La Coparmex y la Concanaco-Servytur han identificado un patrón alarmante. Estados como Baja California Sur, Campeche, Chihuahua, Colima y Nuevo León ya contemplan modificaciones directas al gravamen sobre nómina. Otros, como Guanajuato, Jalisco, Veracruz y Yucatán, entre varios más, evalúan otros ajustes tributarios. He vivido en carne propia cómo esta fragmentación normativa crea un laberinto fiscal que desgasta los recursos y la paciencia de las empresas, especialmente cuando se combina con el reciente aumento del salario mínimo.

La espada de Damocles sobre las Mipymes

Permítanme compartir una lección aprendida: cuando se encarece artificialmente la formalidad, se empuja a las empresas hacia la informalidad o la quiebra. La Concanaco-Servytur señala con acierto que subir el ISN implica un mayor costo para contratar y operar dentro de la ley, un golpe particularmente duro para las Micro, pequeñas y medianas empresas (Mipymes) y los negocios familiares. He asesorado a muchos de ellos, y su margen de maniobra es mínimo. Un incremento del 6.6% en sus costos, como estima Coparmex, no es un número en un informe; para muchos significa dejar de contratar a ese joven recién egresado, posponer la compra de un equipo esencial o, en el peor de los casos, cerrar las puertas.

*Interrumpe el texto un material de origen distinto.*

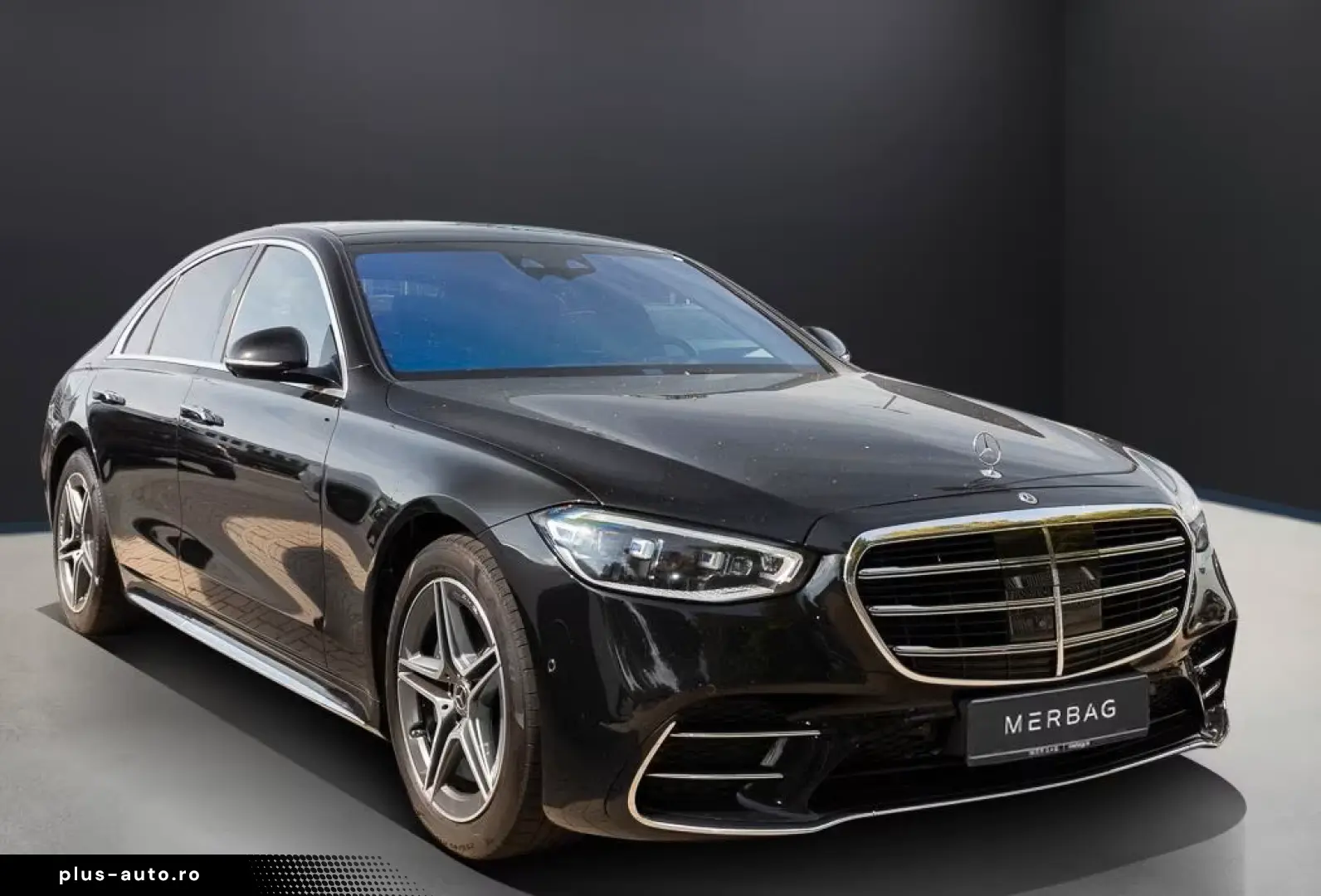 Mercedes-Benz S 580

Reconozco, como lo hacen las confederaciones, la legítima necesidad de los estados de obtener recursos. Pero la sabiduría práctica nos enseña que no toda recaudación es buena recaudación. En un país donde la informalidad en el sector privado alcanzó el 64.3% en 2023 y donde más de 32 millones de personas trabajan en condiciones de precariedad, según el Inegi, hacer más costoso el empleo formal es un contrasentido económico. Es como intentar llenar un balde con un agujero en el fondo.

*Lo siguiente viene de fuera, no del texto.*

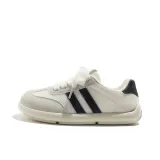 Бежево-черный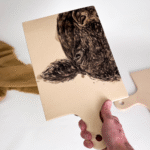 TABLA PICADA DE CERÁMICA VACA - Imagen 3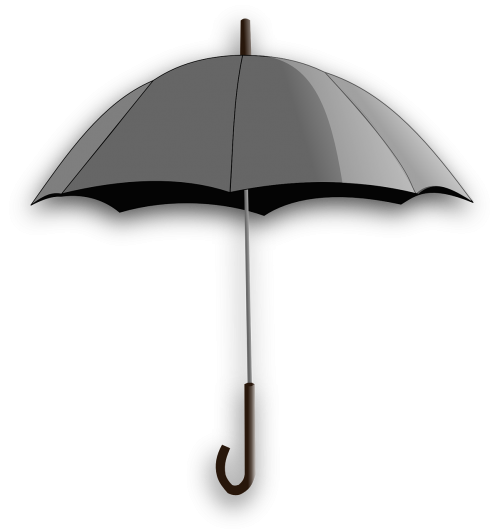 rain spring umbrella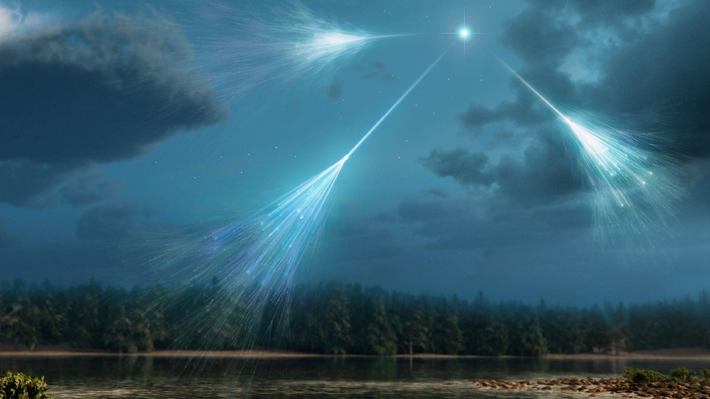 Việc quan sát các neutrino như thế này không hề đơn giản. Do neutrino gần như không tương tác với vật chất, chúng không thể được phát hiện trực tiếp bằng các phương pháp truyền thống. Ảnh: Cern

La verdadera batalla por la competitividad

El verdadero debate, desde mi perspectiva, no debería ser cuánto más podemos gravar, sino cómo podemos ser más eficientes. Las cámaras piden una revisión responsable centrada en la eficiencia del gasto público y la simplificación administrativa, y no puedo estar más de acuerdo. He visto presupuestos públicos mal ejecutados y trámites kafkianos que ahogan la iniciativa. Antes de pedir más, los gobiernos deben demostrar que optimizan lo que ya tienen. La competitividad regional no se gana con impuestos bajos a cualquier costo, sino con un ecosistema integral: seguridad, certeza jurídica, infraestructura y energía confiable. Sin esto, los incrementos al ISN solo servirán para ahuyentar la inversión hacia otras entidades o, peor aún, hacia otros países.

El llamado al diálogo entre el sector público y privado es crucial. No como un mero formalismo, sino como una conversación franca sobre el impacto real de las políticas. Las medidas de apoyo a las Mipymes no pueden ser un eslogan; deben ser herramientas concretas que eviten que los costos se trasladen a precios o, lo más valioso, al empleo. Cuando casi la mitad de las empresas se ven forzadas a elevar precios o congelar inversiones por un aumento tributario, todos perdemos: empresarios, trabajadores y consumidores.

En conclusión, la experiencia nos muestra que un sistema tributario inteligente no es el que más recauda a corto plazo, sino el que fomenta la base de contribuyentes formales, incentiva la creación de empleos dignos y construye una competitividad sostenible. Gravar la nómina de manera desproporcionada ataca el corazón mismo de la economía: el trabajo y la empresa que lo genera. Es una lección que, como país, no podemos permitirnos seguir aprendiendo por las malas.